▶ **Assigned task**: With the pictures left out, retype exactly the lines below starting at the line that contains "Cruiser Premium Steel 4/6 Pers" and ending at the line that contains "2006 BMW E60 5 Series Sedan - Image 2 of 15".

▶ **Records supplied**:
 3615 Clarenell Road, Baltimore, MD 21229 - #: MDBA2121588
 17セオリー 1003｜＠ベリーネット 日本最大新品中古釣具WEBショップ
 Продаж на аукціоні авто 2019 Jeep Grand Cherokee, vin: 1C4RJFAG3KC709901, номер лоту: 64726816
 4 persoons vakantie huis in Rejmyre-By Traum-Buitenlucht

...

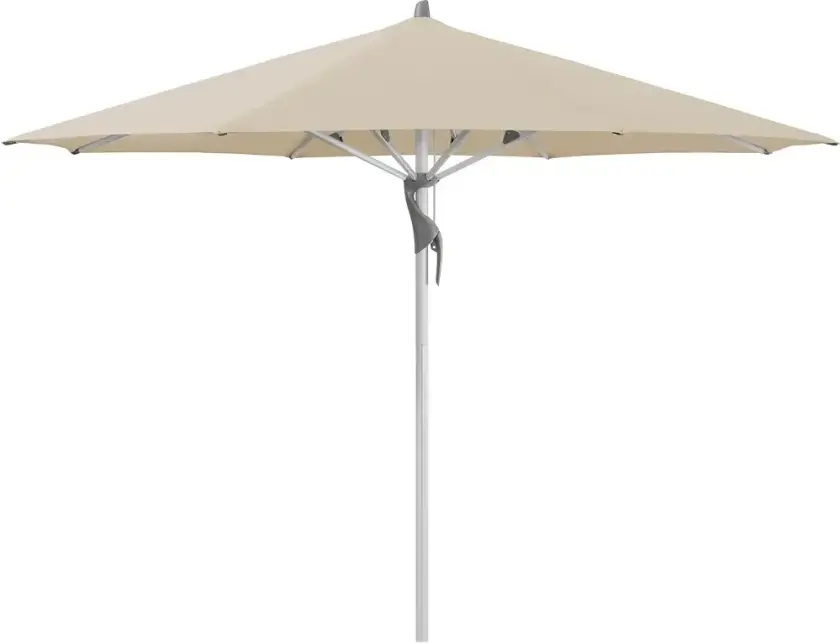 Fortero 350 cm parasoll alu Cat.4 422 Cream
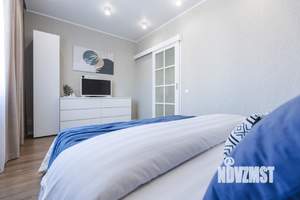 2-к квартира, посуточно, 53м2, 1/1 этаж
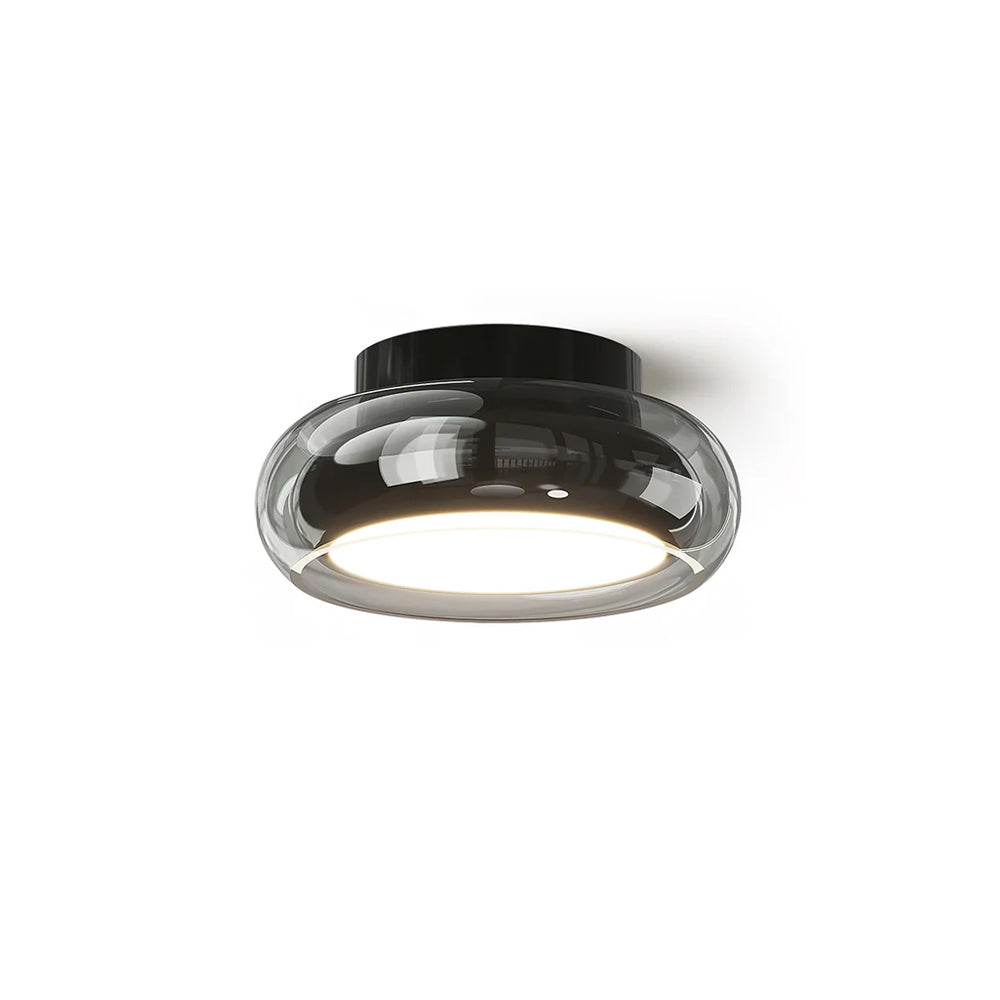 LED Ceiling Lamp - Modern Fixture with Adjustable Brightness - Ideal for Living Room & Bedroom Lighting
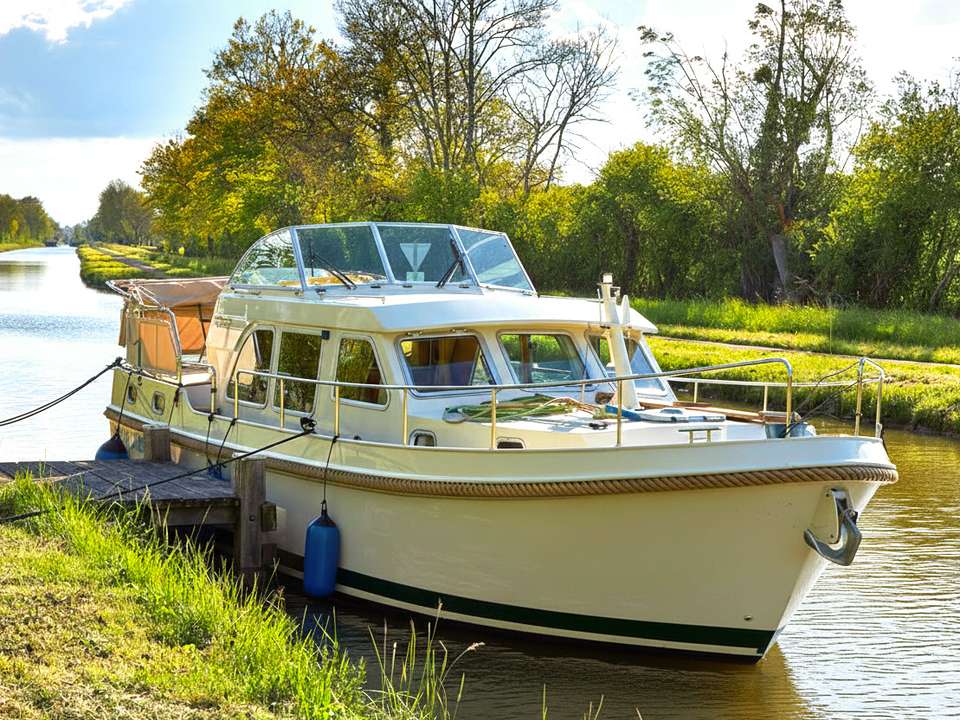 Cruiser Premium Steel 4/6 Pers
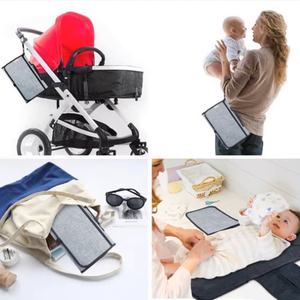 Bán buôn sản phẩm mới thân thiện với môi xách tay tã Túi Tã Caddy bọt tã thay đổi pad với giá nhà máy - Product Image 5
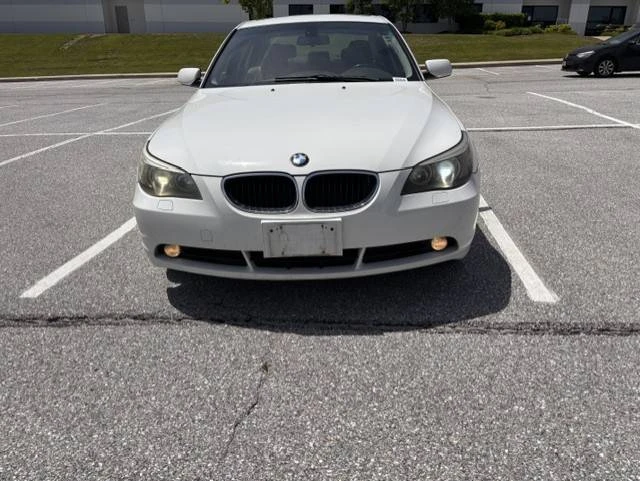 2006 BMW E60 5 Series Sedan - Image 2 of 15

▶ **Written response**:
 Cruiser Premium Steel 4/6 Pers
 Bán buôn sản phẩm mới thân thiện với môi xách tay tã Túi Tã Caddy bọt tã thay đổi pad với giá nhà máy - Product Image 5
 2006 BMW E60 5 Series Sedan - Image 2 of 15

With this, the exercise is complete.